The upbeat earnings report was tempered by a warning of declining attendance at Hong Kong Disneyland, which opened in 2005. Disney has pointed to that park as a leading example of its top-priority effort of international expansion, and the company hopes to use it as a springboard to win Chinese government approval for a park in Shanghai.
But Disney said the Hong Kong park drew fewer visitors in the quarter just ended than in the same three months a year earlier and that attendance and sales had missed projections.
"If these trends do not significantly improve," the company warned, it would be in violation of pledges it made to lenders on the project. Disney could then be forced to refinance $294 million in debt.

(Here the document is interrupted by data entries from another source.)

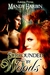 Surrounded by Woods (Woods Family, #1)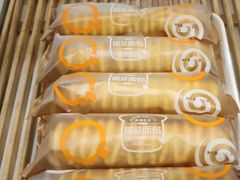 -沁园(新沙正街店)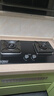 方太（FOTILE）燃?xì)庠钐烊粴?臺(tái)嵌兩用 5.2kW*猛火 可調(diào)節(jié)底盤換裝灶 02-TH27B 政府補(bǔ)貼20% 曬單實(shí)拍圖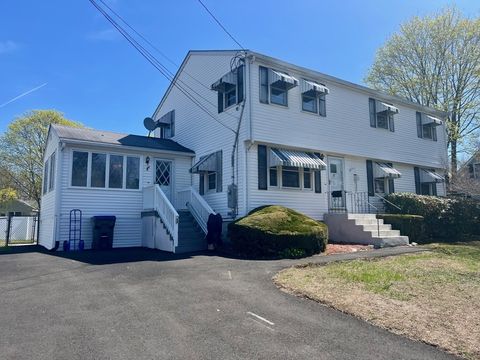 35 Stillwater Road Methuen MA 01844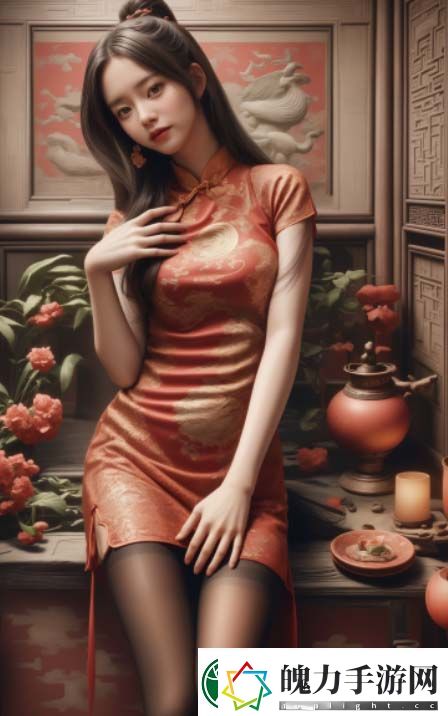 麻花传剧MV观看体验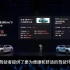 全新腾势N7以质价高调回归，有没有树立了豪华纯电SUV市场的新标杆？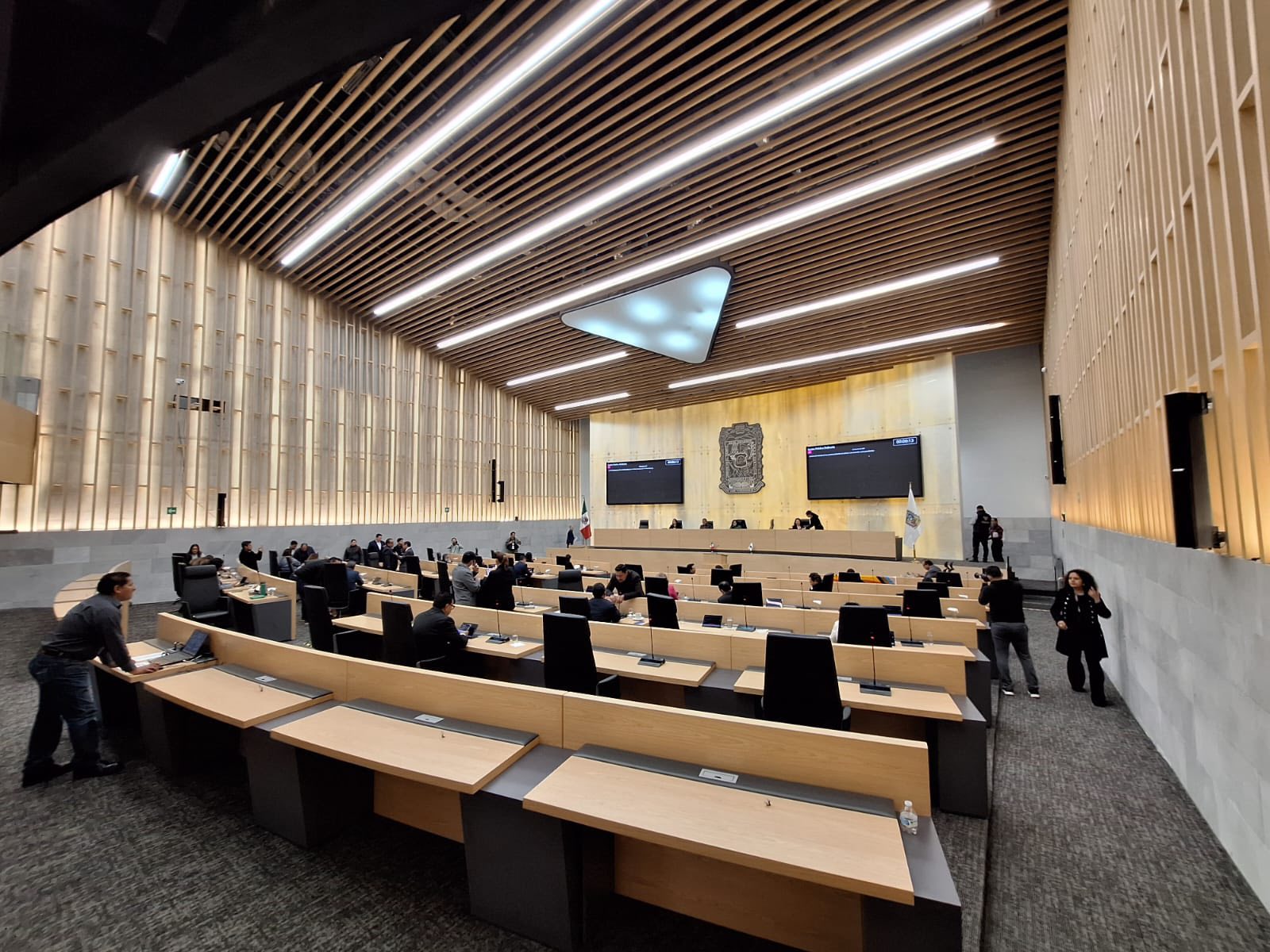 Ahuazotepec y Cuautempan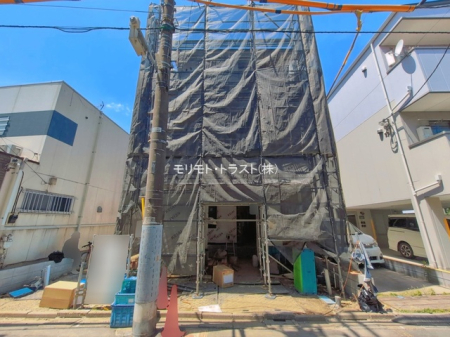 ���n�O�ώʐ^ -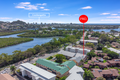 Property photo of 8/42-44 Dry Dock Road Tweed Heads South NSW 2486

Wednesday's admission is the starkest to date about the Hong Kong property, where Disney has a large minority stake. Even so, and despite flat attendance at Disney's U.S. parks, higher average spending by U.S. visitors pushed the division's profit to $405 million from $375 million.
Profit at the network division including ABC and ESPN rose to $750 million from $606 million, while profit from consumer products dropped to $235 million from $270 million.
On the same day the Hong Kong theme park warning was included deep in a Securities and Exchange Commission filing, Disney was hosting Wall Street analysts for an annual series of closed-door presentations in Florida. The company made audio of the day's events available over the Internet.